(Raw data begins)

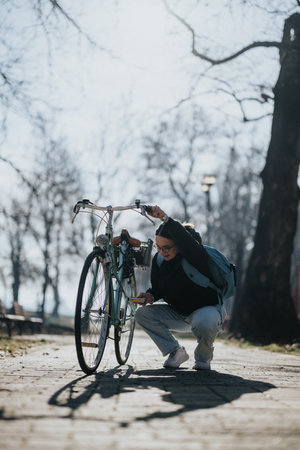 A woman with a backpack pauses during her bike ride to check something on her bicycle on a sunny, tree-lined path.の写真素材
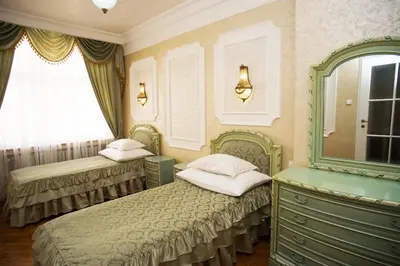 a bedroom with two beds and a dresser and a mirror at Art Apartments Celakovskeho Sady in Prague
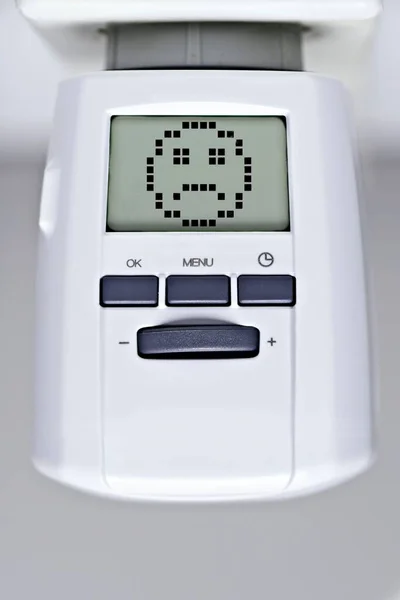 Digital thermostat of an heating radiator with sad smiley face. Rising costs for heat and energy concept.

(Raw data ends)

→ Exercise requirements:
The lines wanted run from the one with "a bedroom with" through the final line of the data; repeat them word for word and skip every picture.

→ Task solution:
 a bedroom with two beds and a dresser and a mirror at Art Apartments Celakovskeho Sady in Prague
 Digital thermostat of an heating radiator with sad smiley face. Rising costs for heat and energy concept.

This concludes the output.